▸ REQUIREMENT
Once the line holding "HK54WNG are the vehicle registration plates." is found in the listing below, write it out and each later line exactly, up to and including the one holding "Barbra Streisand, Louis".

▸ MATERIAL PROVIDED
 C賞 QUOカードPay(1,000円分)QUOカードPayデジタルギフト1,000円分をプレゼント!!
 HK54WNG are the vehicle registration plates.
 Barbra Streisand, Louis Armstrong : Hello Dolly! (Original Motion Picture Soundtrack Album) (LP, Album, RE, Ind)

---

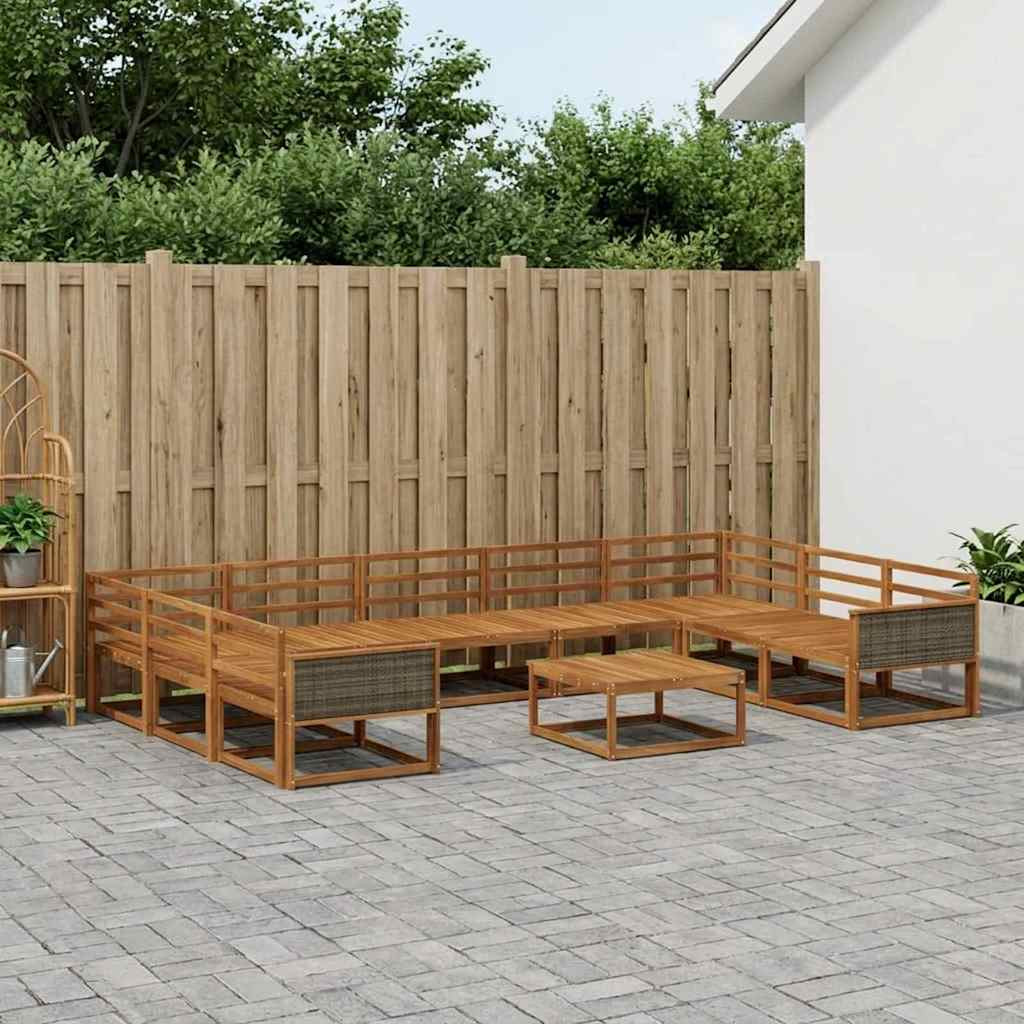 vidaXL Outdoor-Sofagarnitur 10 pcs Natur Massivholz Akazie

▸ TASK RESPONSE
 HK54WNG are the vehicle registration plates.
 Barbra Streisand, Louis Armstrong : Hello Dolly! (Original Motion Picture Soundtrack Album) (LP, Album, RE, Ind)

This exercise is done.